Il rapporto non dice quale sia stata la “parte brutta”, ma si può dedurre. Prima dei Giochi Olimpici di Tokyo, rinviati dal 2020 al 2021 a causa della pandemia, Lyles aveva confessato che la sua depressione era peggiorata a causa della pressione e dell’isolamento. Alla fine vinse il bronzo in Giappone nei 200 metri.

Per ironia della sorte, alla vigilia della stessa finale di Parigi, ha contratto in anticipo il Covid-19 e ha gareggiato comunque in gara.
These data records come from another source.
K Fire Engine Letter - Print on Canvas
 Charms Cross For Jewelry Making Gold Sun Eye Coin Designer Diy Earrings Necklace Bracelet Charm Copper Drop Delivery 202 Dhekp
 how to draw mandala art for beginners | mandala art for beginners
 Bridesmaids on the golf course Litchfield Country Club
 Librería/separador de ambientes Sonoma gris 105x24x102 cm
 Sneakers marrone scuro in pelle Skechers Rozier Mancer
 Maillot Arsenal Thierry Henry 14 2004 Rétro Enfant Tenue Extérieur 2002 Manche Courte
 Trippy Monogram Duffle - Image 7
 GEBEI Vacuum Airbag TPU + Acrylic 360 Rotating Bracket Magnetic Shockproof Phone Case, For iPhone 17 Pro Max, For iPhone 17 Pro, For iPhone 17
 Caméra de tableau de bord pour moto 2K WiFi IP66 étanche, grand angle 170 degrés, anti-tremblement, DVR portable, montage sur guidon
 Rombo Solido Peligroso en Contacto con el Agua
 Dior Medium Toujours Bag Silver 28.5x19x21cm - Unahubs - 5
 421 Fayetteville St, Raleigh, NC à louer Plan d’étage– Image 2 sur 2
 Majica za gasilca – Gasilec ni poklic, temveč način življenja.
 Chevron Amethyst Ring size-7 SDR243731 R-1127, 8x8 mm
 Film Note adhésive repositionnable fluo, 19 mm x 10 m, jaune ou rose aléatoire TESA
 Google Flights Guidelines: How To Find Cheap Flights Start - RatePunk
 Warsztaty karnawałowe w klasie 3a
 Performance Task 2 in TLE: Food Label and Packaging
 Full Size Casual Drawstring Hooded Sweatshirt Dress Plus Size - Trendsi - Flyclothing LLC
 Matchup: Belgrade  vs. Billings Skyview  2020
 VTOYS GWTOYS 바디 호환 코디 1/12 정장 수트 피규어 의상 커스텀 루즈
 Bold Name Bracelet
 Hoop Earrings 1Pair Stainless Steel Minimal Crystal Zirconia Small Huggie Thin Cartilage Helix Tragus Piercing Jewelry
È stato criticato per questo, ovviamente, giustamente.

In un’intervista prima della competizione, ha affermato di sapere che il confine tra sicurezza e arroganza è labile, ma che, per gran parte della sua vita, molti gli hanno detto che non sarebbe arrivato da nessuna parte. È cresciuto con l’asma, ha avuto difficoltà a scuola, è andato in terapia, ha visto che era bravo in quello che faceva, la sua autostima è aumentata e si vede come è riuscito a trasformare la pressione in qualcosa di positivo.

Quando vinse i 100 metri ad agosto, scrisse il tweet: “Ho asma, allergie, dislessia, disturbo da deficit di attenzione, ansia e depressione. Ma dico che quello che hai non definisce chi diventerai”.

Lyles avrebbe potuto semplicemente raccogliere gli allori della vittoria, ma, ancora una volta, ha voluto dimostrare che il viaggio non è sempre perfetto.

Spesso nascondiamo le nostre debolezze sul posto di lavoro, nelle nostre case, per paura di essere visti come incapaci. Cerchiamo di essere sempre perfetti. Ma se anche l’uomo più veloce del mondo può essere vulnerabile, perché non possiamo farlo anche noi?